In June, my dad, my 3 girls, and I drove to California for my son's 8th grade graduation. When we came through the Sierra Mountains in Nevada it was nighttime, so there wasn't much to see. We drove along the winding roads and I strained my eyes to just catch a glimpse of one of the majestic tree's that lined the highway. Strain as I might....it was just too dark to see anything.
I don't particularly enjoy driving on winding highways on mountains. They make me very nervous. Mostly because I don't do it very often. There just aren't many moutainous highways in Iowa. My dad offered to drive, but I had already made up my mind that I was going to do this!!
I found myself being very scared at every turn, not knowing what was around the corner. When is the next turn coming? Is there a big truck that has taken that turn too sharp or not sharp enough? How far down is that drop??? As these thoughts raced through my mind, I found myself becoming less confident in my driving abilities. My dad tried to reassure me that there was more room than I thought and that the turns weren't really as sharp as they seemed. Unfortunately, that wasn't working. Again, he offered to drive. I continued to grip the steering wheel as hard as I could while I brought the van to a crawl at every turn. I am going to do this!! There were semi trucks passing me going up the grade of the mountain (if you've ever drove on a mountain with semi's then you know how slow I must have been going!). I was looking so forward to seeing these mountains and now they had become my worst nightmare. All of those majestic tree's that I would usually stare at in wonder and amazement had become huge shadows that blocked any possible light from shining down on the highway. I found myself asking my dad the same questions I asked when I was a little girl.....'Are we almost there'? 'How much longer'? Can I breathe now?
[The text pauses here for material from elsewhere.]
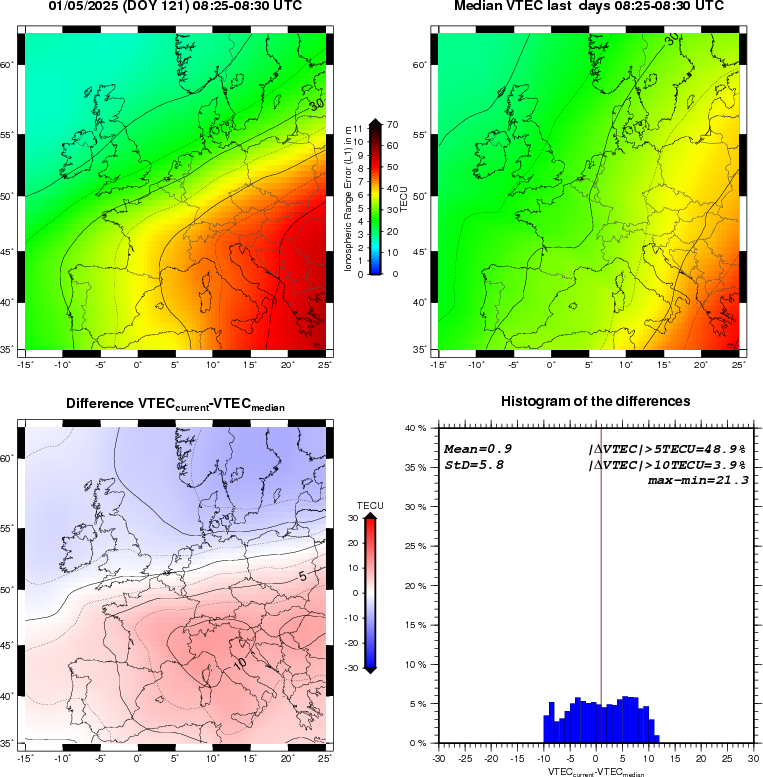 NRT VTEC Plots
Driving that mountain reminded me of the mountains in my life when Satan is whispering in my ear......."When is that turn coming"? "How far down is that drop"? and I find myself becoming very scared. I become unsure and unconfident in who I am in Christ. I find myself searching for the light through the tree's and not being able to find it. I believe, in times like that, God is sitting next to me, much like my 'earthly' dad was, reassuring me that the turn is not that sharp, there is more room than I think, and even offering to drive.....if I would just let go of the wheel. Just like I did to my dad, I choose to not hear my Heavenly Father speaking words of comfort......."I can do this!!!!". In those times, just like my dad, God becomes quiet and lets me 'white knuckle' my way down that mountain on my own.
I am sure my dad would've liked to have taken that wheel from me that night. However, he allowed me to exercise my free will and I chose to stay in control. God wants to take our wheels, too. However, He won't. We have to exercise our free will........and let go!
Thank You Father for always offering to take the wheel. Please help me to take my hands off of it. And thank You for giving me an 'earthly' dad who models Your love for me more than I give him credit for.